Task requirements: All pictures must be dropped, while the entries are given again word for word.

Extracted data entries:
====================
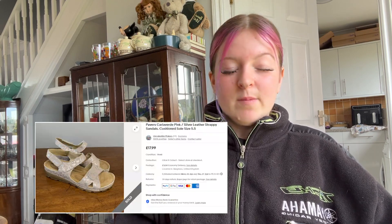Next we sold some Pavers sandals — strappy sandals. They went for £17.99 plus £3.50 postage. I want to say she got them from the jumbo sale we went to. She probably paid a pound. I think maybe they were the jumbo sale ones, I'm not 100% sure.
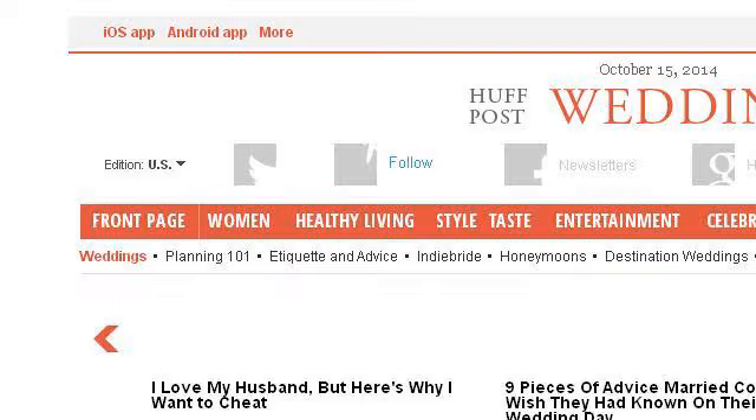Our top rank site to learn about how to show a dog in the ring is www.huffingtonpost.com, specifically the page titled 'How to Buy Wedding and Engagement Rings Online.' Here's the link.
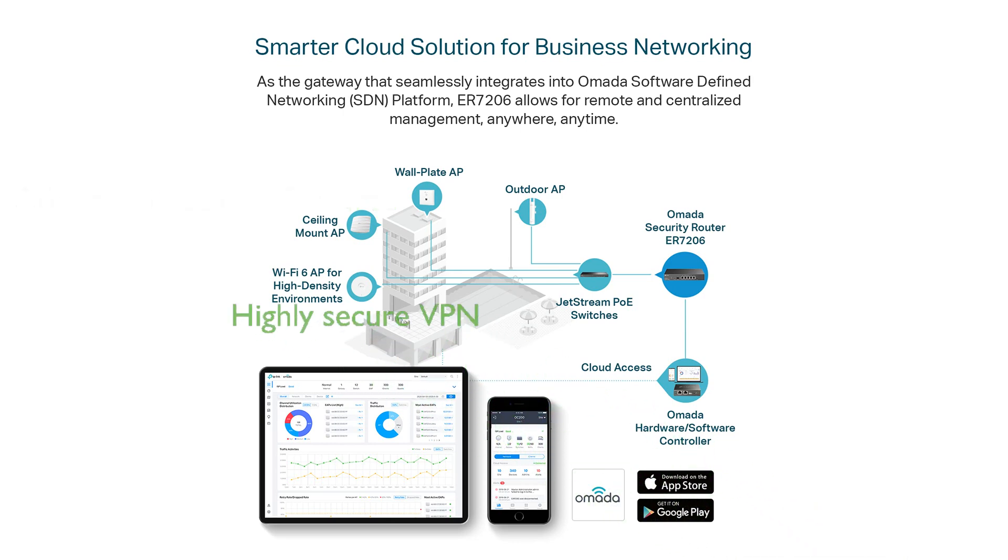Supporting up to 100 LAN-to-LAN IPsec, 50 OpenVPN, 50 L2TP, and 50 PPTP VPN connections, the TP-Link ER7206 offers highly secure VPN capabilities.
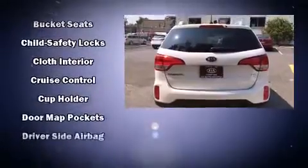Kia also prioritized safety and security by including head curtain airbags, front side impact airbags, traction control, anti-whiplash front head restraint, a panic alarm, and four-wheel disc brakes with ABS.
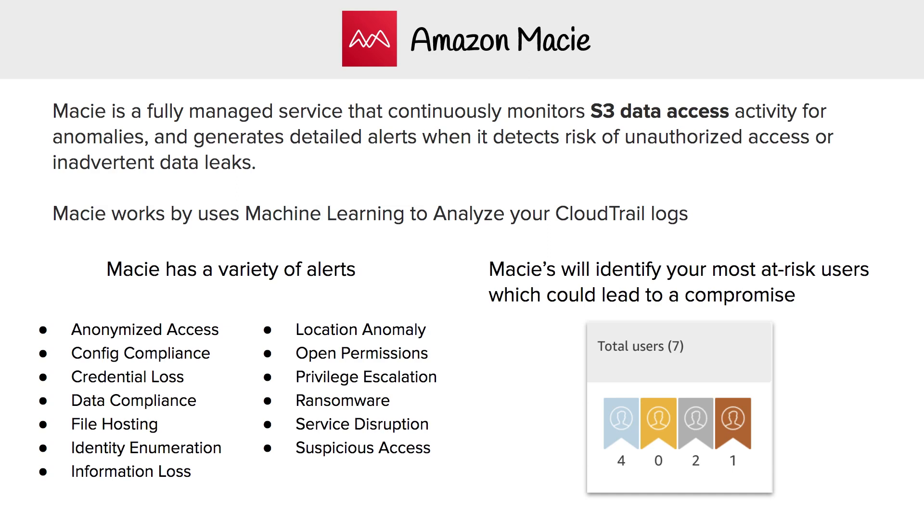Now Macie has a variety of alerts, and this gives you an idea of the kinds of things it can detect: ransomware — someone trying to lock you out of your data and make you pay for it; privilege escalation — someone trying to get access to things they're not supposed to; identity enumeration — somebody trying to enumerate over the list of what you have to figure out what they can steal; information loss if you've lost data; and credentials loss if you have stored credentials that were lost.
====================
Answer for this exercise:
Next we sold some Pavers sandals — strappy sandals. They went for £17.99 plus £3.50 postage. I want to say she got them from the jumbo sale we went to. She probably paid a pound. I think maybe they were the jumbo sale ones, I'm not 100% sure.
Our top rank site to learn about how to show a dog in the ring is www.huffingtonpost.com, specifically the page titled 'How to Buy Wedding and Engagement Rings Online.' Here's the link.
Supporting up to 100 LAN-to-LAN IPsec, 50 OpenVPN, 50 L2TP, and 50 PPTP VPN connections, the TP-Link ER7206 offers highly secure VPN capabilities.
Kia also prioritized safety and security by including head curtain airbags, front side impact airbags, traction control, anti-whiplash front head restraint, a panic alarm, and four-wheel disc brakes with ABS.
Now Macie has a variety of alerts, and this gives you an idea of the kinds of things it can detect: ransomware — someone trying to lock you out of your data and make you pay for it; privilege escalation — someone trying to get access to things they're not supposed to; identity enumeration — somebody trying to enumerate over the list of what you have to figure out what they can steal; information loss if you've lost data; and credentials loss if you have stored credentials that were lost.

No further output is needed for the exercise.